Draper • This southern Salt Lake Valley city has come a long way from its humble beginnings as a small farming community. Today, the city’s main corridor, 12300 South, is lined with chain stores and restaurants.
But only one block further south remains a vestige of the past. The area around Pioneer Road and Fort Street (12400 South and 900 East) is known as Old Town Draper. Tucked away in this section of southern Salt Lake Valley is Food for Thought, an alternative to the fast food joints that flood the main road.
“I think for the most part, people are tired of eating the same sort of chain food,” Erin Sugiyama said. “They’re looking for a different experience.”

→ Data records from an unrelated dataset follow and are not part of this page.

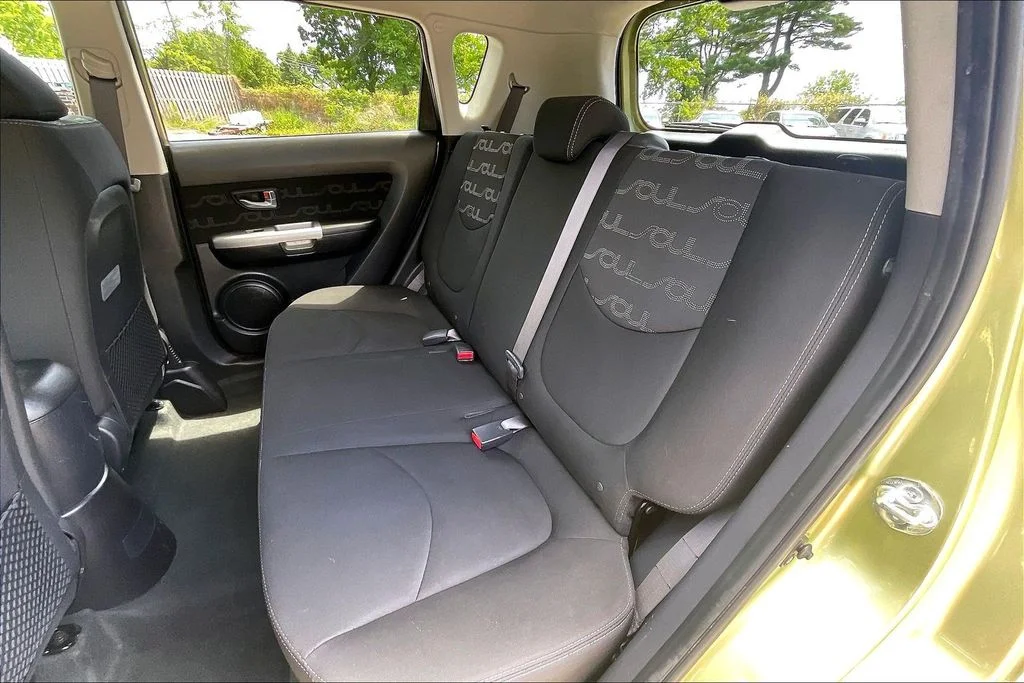 Used 2012 Green Kia Plus image 24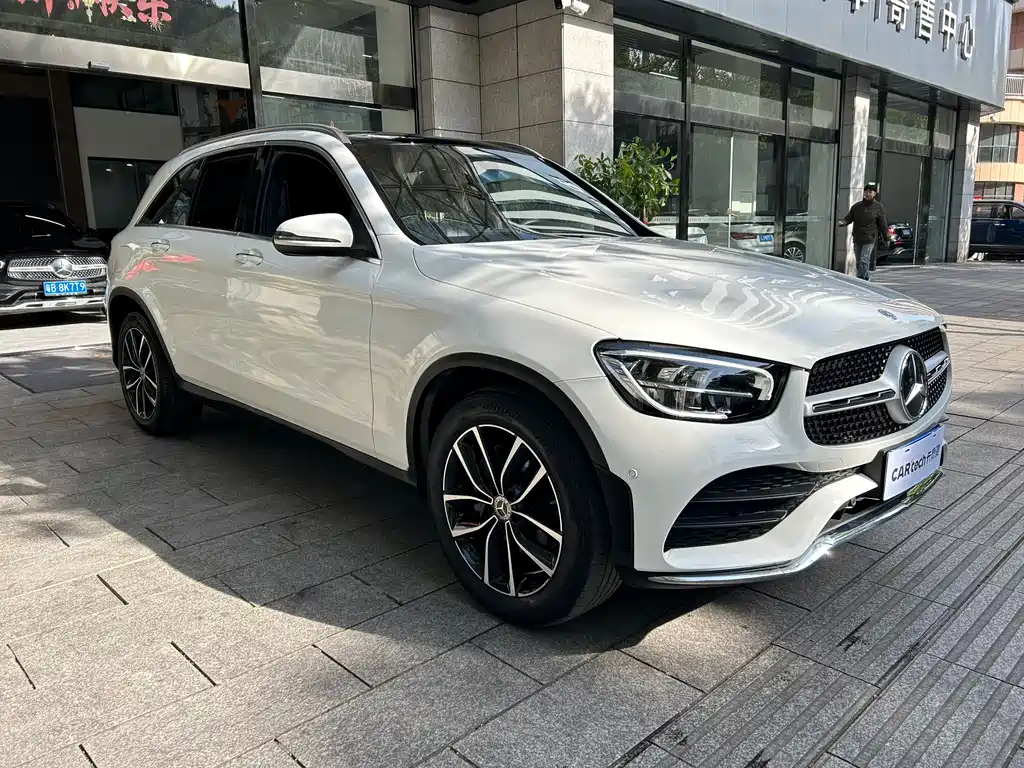 Mercedes-Benz GLC 2021 — фото 9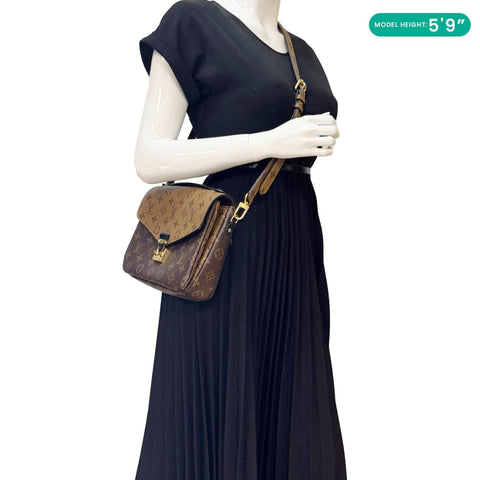 LOUIS VUITTON Metis Pochette Reverse Monogram Canvas Crossbody Bag Brown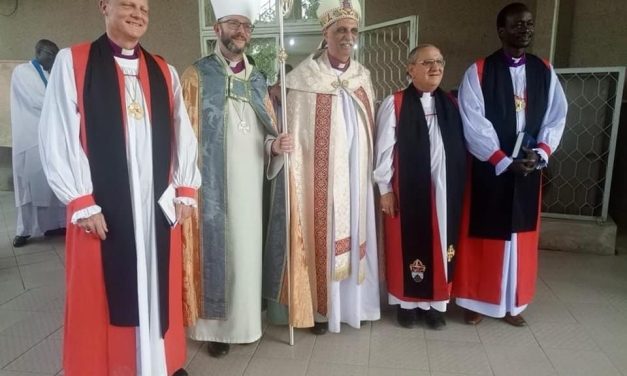 الكنيسة الأسقفية تحتفل بتنصيب أسقفاً جديداً.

Sugiyama, along with her husband, Steve Sugiyama, own and operate Food for Thought out of a quaint 20s-era house, which was converted for restaurant duty. The property is situated next to Draper Historical Park, a feature that adds to the charm of the leisurely breakfast and lunch spot.

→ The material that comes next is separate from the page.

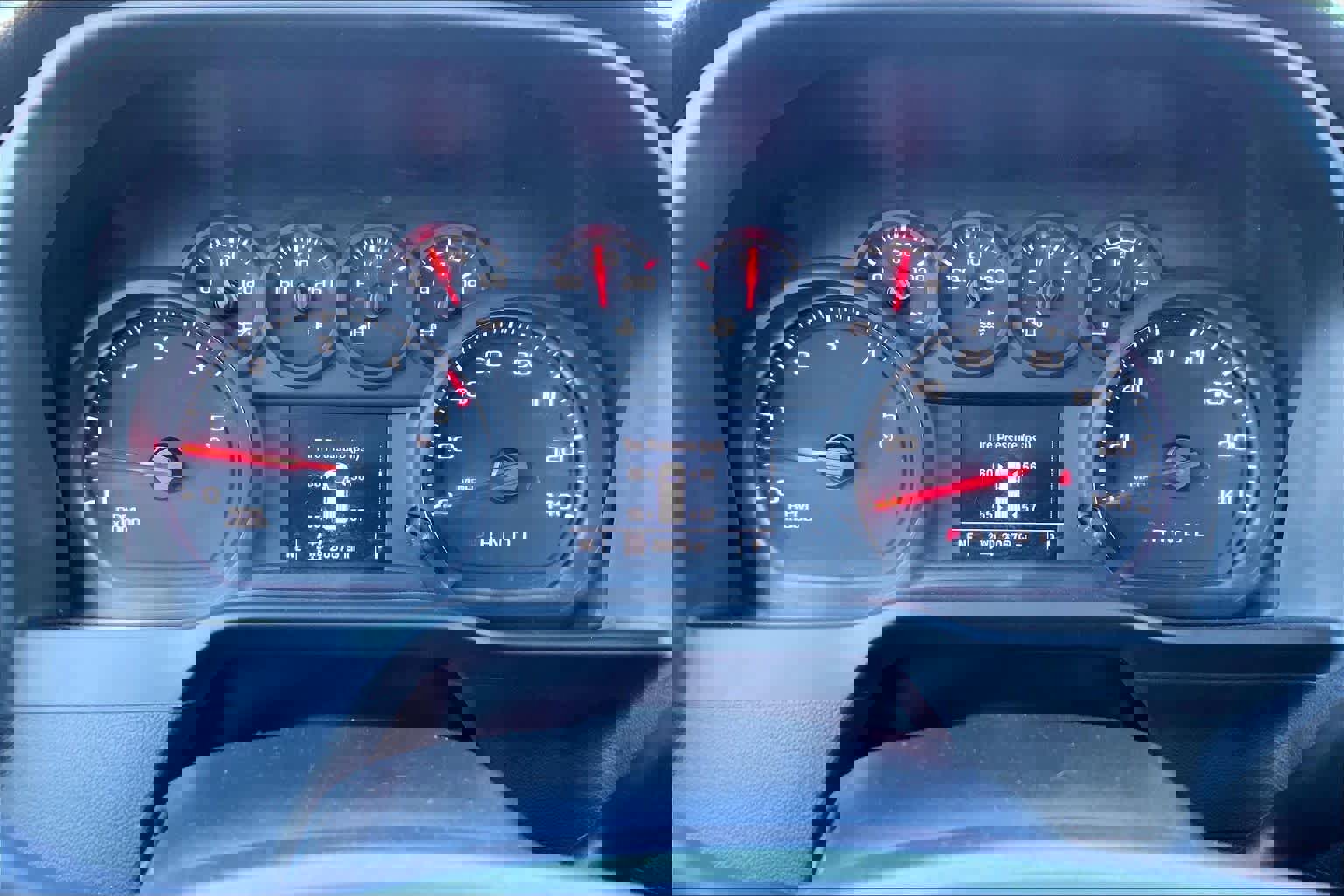 Used 2025 Chevrolet Silverado 2500 W/T image 25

While the restaurant has been at its current location since 1998, Erin Sugiyama actually started Food for Thought as a solo venture inside the Draper Historic Theatre in 1996. It was during this time she met her future husband.
Steve Sugiyama’s family has a long history of providing food to Draper, dating back to the mid-20th century.
“My father was originally from San Francisco, but during the war — during the relocation — he was moved here and he farmed in Draper back in the 40s,” said Steve Sugiyama, a third generation Japanese-American.
In the 90s, it was the Sugiyama family that introduced the Edo Japan franchise to food courts in shopping malls across Salt Lake. But after marrying Erin, Steve Sugiyama backed away from the Edo chain and the couple decided to invest their future in Food for Thought — a future Erin Sugiyama never foresaw growing up.
“I thought I’d be in international business jet-setting around the world,” Erin Sugiyama said.
Before moving to Utah, Erin Sugiyama worked for a financial institution in downtown Los Angeles. Neither she nor her husband have any formal culinary training, she said. Yet they have managed to stay in business for more than 16 years.
The Sugiyamas chalk up their success to luck and loyal customers. But they also admit to putting in a lot of hard work and constantly gauging what the public wants.
“We’re always reading magazines and books and seeing what the trends are out there,” Erin Sugiyama said.
“The thing about food is, it’s like any kind of fashion,” Steve Sugiyama said. “Things come and go. People like trends.”
The couple isn’t just concerned about catering to fickle foodies. They want to make sure their core consumer is content, and they’re willing to adapt to the tastes of their faithful patrons.
“No matter how good you think your food is, you have to be willing to change,” Steve Sugiyama said. “Our vote with a menu item isn’t valid unless we can validate it with the customer.”
Their approach appears to be working.
“This is my favorite place to eat,” said Kay Duvall, a Sandy resident who recently ate lunch at the restaurant. “They have a variety of soups and salads, and their breakfasts are really different. It’s not your regular eggs and pancakes. It’s wonderful, though.”
Her friends, Margaret Hansen of Cottonwood Heights and Grete Jensen of Sandy, said they enjoy the quiet atmosphere.
“It’s a nice place for women to come have lunch,” Hansen said. “It’s not too loud, so you can talk and actually hear each other.”
Friends gather to eat in the restaurant with its open, sunlit spaces, but so do those out for a business lunch. A group of colleagues dropped by recently for sandwiches, and ended up carting dozens of sweets — from cookies to brownies to fruit tarts — for an afternoon business meeting.
The bakeshop supplements the restaurant, and the owners are morphing it into an eatery that has a bit more of a coffee shop feel, Steve Sugiyama said.
The sweets are one of the draws for Draper resident Cindy Akagi, who comes to celebrate friends’ birthdays or grab a pastry after a hard day.
“The atmosphere is darling, and the food is always fresh and delicious,” she said. “And we love to support local.”